Certamente que uma resposta tão vaga assim não a deixaria satisfeita.
— Com quem mais tem falado a respeito deste fato que o deixa tão perturbado?
— Deus me livre de comentar uma coisa dessas com outra pessoa! Me sinto envergonhado só de pensar… Elas ririam de mim, tenho certeza — respondeu com um leve rubor no rosto, pois escondera a verdade.

— Eu por exemplo não vejo mal algum nisso. Aliás o Sr. deveria até se orgulhar porque isso é uma dádiva. E lembre-se sempre de uma coisa; o pessimismo é um mau que somente os medíocres o aceitam. Nunca se esqueça disso — comentou com razão apontando-lhe o indicador esquerdo quase em riste. 

Naquele momento um fio de coragem o animou, mas não o bastante para se revelar.

— Ainda não me sinto confiante para me expor. Preciso de mais tempo... coragem, quero dizer — concluiu no auge de uma respiração ruidosa.
— E até quando pretende continuar se escondendo? O Sr. estará se martirizando a toa, sabia?
— Eu sei, mas isso tem cura, né? — questionou preocupado se ajeitando na cadeira.

Antes que ela desse o seu aval alguém bateu à porta obrigando-a se levantar, interrompendo o diálogo por alguns instantes. Um bom motivo para ele ensimesmar-se.
“Era só o que me faltava, puxa vida! Por que as pessoas não sabem respeitar os direitos dos outros? Mas será que ela está me dizendo a verdade? Ou então é apenas para não… Oh Deus, que cilada me metestes!?”

Na volta retomaram a questão no ponto onde haviam parado.

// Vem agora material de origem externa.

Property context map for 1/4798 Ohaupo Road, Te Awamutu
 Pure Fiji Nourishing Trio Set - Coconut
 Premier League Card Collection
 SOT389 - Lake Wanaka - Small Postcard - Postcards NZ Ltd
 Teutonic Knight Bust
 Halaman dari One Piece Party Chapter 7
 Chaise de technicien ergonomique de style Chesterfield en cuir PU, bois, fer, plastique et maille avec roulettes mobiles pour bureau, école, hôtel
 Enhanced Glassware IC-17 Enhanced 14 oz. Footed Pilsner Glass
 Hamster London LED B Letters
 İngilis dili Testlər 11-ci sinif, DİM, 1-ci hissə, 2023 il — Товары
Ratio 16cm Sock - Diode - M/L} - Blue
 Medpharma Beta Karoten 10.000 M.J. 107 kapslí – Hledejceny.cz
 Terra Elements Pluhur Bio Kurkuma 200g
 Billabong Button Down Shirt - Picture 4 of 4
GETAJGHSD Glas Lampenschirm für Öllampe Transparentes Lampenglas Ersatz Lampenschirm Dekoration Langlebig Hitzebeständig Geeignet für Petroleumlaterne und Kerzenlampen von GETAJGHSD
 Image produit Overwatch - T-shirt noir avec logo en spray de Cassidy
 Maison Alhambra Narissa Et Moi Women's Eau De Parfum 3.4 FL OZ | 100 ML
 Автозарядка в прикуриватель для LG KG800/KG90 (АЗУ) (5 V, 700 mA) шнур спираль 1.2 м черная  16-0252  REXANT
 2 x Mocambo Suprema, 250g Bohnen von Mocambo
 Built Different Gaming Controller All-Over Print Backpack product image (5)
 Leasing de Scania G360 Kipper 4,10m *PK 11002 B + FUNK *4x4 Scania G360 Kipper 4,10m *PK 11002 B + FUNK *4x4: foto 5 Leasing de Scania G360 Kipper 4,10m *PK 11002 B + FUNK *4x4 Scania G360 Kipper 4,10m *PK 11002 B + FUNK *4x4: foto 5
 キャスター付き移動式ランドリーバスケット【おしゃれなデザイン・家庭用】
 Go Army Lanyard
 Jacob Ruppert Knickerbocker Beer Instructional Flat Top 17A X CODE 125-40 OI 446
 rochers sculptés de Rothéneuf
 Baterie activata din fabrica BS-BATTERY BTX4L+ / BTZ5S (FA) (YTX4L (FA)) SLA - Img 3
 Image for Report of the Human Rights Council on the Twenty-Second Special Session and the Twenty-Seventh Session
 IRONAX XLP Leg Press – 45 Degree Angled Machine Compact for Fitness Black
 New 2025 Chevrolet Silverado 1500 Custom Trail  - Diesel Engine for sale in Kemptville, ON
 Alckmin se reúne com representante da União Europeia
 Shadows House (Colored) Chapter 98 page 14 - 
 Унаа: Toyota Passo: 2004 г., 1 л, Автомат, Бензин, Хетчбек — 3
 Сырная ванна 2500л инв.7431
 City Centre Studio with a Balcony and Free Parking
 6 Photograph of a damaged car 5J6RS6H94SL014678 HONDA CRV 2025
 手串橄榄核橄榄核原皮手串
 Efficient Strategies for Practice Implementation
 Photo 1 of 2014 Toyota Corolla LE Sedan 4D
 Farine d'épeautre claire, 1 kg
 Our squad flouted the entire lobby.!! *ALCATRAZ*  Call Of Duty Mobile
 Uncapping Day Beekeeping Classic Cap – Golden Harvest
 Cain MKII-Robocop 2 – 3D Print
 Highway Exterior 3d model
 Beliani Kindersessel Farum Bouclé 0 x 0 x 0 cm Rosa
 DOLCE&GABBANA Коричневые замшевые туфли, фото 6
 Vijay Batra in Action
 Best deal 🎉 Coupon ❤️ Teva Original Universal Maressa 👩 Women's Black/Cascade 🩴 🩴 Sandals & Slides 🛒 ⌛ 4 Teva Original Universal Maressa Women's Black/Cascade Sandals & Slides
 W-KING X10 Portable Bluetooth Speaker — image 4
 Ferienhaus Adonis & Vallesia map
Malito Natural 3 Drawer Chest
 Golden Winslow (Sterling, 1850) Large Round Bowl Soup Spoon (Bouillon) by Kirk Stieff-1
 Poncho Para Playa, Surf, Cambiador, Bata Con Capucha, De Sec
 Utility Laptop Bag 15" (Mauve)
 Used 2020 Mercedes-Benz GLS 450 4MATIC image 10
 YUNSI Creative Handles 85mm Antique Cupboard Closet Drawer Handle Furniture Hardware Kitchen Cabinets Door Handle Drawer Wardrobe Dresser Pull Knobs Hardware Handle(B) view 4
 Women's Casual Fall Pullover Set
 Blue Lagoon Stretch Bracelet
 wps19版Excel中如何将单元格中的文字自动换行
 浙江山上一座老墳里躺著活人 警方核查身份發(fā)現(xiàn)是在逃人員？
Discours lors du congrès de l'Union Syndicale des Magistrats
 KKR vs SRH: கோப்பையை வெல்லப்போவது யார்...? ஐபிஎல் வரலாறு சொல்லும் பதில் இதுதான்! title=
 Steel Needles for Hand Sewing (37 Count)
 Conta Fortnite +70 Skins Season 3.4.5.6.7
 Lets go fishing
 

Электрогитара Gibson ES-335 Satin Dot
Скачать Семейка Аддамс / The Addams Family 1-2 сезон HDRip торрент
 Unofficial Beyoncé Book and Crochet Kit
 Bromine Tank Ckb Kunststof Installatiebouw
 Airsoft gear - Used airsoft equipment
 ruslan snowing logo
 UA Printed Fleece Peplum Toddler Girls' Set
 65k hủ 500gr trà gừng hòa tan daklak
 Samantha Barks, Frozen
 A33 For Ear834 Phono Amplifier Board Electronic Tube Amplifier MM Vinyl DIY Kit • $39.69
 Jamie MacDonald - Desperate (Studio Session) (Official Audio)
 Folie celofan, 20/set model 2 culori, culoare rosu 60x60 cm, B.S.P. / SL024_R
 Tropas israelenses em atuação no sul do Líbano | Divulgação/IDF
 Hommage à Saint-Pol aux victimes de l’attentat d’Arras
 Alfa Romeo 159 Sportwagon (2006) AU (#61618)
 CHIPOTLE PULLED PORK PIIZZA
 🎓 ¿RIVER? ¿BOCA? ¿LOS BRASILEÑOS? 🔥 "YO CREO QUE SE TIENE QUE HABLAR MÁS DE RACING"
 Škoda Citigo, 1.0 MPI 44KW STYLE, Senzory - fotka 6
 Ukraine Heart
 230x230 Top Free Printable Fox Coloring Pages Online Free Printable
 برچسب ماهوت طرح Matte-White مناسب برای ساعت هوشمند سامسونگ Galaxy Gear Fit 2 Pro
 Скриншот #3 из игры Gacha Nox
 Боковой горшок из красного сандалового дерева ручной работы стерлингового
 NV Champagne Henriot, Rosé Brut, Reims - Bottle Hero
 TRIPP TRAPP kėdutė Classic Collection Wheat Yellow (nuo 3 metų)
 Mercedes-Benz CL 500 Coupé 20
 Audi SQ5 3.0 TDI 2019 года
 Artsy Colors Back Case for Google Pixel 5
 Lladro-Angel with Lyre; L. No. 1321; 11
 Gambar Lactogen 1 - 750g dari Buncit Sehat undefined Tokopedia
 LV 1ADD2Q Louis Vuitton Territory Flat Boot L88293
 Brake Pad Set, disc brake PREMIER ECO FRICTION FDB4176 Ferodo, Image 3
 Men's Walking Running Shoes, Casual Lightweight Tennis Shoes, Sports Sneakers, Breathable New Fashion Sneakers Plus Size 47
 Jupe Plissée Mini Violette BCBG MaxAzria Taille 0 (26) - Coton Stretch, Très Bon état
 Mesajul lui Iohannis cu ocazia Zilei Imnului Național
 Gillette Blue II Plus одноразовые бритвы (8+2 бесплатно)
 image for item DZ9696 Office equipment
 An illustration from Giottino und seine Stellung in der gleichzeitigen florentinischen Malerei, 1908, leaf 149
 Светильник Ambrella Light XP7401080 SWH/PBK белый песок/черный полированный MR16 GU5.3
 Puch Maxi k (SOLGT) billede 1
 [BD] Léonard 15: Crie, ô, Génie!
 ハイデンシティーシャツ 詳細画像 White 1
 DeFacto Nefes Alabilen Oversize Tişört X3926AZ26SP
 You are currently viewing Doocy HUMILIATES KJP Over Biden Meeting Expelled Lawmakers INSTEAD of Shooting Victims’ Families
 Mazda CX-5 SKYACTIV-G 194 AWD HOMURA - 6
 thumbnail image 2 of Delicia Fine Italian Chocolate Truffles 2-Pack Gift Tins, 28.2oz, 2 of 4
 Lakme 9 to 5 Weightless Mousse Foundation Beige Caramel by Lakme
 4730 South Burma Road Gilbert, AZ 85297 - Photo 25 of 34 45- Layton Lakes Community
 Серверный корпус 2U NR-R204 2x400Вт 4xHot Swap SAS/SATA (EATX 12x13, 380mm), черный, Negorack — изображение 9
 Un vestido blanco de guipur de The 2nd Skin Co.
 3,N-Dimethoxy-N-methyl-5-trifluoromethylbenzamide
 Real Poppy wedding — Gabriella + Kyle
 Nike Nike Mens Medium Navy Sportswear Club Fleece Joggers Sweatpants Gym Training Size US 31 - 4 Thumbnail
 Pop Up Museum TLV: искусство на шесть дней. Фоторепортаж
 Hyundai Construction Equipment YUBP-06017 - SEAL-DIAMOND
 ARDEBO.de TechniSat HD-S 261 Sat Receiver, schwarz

— Não se preocupe porque pode acontecer com qualquer um — disse com naturalidade — E o tratamento, se é que podemos usar este termo, depende somente de sua autoestima. É só fazer um pequeno esforço que logo verás os resultados que muito em breve pretendo vê-los — concluiu.
Percebendo que não tinha muitos argumentos para dis-farçar ele desviou o olhar para um ponto qualquer na parede. Por alguns segundos permaneceu assim como um dois de paus. Depois disse envolvido pelas dúvidas:

— Pode até não ser, mas como eu já falei faz um bom tempo que entrei nessa cilada... Desculpe-me a franqueza, mas acho que não está entendendo a minha situação...
— Evidente que sim — atalhou ela. — E é por isso que estamos aqui, ora essa!
Foi um bom motivo para encorajá-lo, mas como o tempo havia se esgotado ele se desesperou. Não queria de forma alguma que aquele diálogo fosse interrompido.
— Por favor, vamos conversar mais um pouco!? Não me deixe na mão, eu imploro!?

Por muito pouco não ajoelhou-se. 

— Deixá-lo na mão!? — exclamou ela mostrando os lindos dentes. Tão brancos e uniformes que pareciam feitos de porcelana para enfeitar seus lábios sensuais.
— Mas... espere! E minhas mãos...?
— Ora, ora faça-me o favor! — e acrescentou logo em seguida com um belo sorriso. — Suas mãos, ou melhor, seus dedos não têm problema algum. E pelo que vejo o Sr. não sabe fazer outra coisa a não ser usá-los quase que sem pa-rar. Tenho notado isso desde quando passamos a nos...

Ouve um momento de indecisão entre eles culminando com a brandura de seus olhares que se cruzaram no ambiente quase silencioso.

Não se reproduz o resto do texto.